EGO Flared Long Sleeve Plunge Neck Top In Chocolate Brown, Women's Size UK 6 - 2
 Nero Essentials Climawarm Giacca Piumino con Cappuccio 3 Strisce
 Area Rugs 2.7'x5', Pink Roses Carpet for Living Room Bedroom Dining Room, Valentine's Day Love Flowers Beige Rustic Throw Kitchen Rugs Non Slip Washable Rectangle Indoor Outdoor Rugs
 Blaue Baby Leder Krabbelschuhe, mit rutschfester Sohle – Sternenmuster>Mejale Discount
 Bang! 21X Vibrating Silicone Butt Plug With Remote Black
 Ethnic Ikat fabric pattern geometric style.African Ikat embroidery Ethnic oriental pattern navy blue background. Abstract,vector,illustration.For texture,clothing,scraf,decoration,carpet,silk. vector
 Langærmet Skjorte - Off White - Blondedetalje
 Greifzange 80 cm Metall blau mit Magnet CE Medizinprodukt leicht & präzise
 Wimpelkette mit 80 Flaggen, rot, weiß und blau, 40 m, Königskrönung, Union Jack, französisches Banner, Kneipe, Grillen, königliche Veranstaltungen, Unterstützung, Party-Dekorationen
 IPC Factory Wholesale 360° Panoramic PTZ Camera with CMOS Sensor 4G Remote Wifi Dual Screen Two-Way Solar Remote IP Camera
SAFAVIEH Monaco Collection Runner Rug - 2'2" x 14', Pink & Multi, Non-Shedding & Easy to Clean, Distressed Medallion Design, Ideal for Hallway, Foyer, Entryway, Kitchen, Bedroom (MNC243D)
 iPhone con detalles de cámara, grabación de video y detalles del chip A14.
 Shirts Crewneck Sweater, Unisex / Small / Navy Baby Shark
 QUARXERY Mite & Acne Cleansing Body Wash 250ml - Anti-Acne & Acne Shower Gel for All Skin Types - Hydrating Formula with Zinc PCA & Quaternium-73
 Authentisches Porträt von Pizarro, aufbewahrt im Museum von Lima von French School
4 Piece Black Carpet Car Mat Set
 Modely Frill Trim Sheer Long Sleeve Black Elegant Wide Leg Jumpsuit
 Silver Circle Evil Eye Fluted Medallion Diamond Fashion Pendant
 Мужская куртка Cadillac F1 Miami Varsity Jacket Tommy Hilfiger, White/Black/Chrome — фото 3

▶ YOUR OBJECTIVE
Everything above from the line containing "Bang! 21X Vibrating" down to the line containing "Ethnic Ikat fabric" should be copied exactly, both end lines included, and nothing else.

▶ RESULT
 Bang! 21X Vibrating Silicone Butt Plug With Remote Black
 Ethnic Ikat fabric pattern geometric style.African Ikat embroidery Ethnic oriental pattern navy blue background. Abstract,vector,illustration.For texture,clothing,scraf,decoration,carpet,silk. vector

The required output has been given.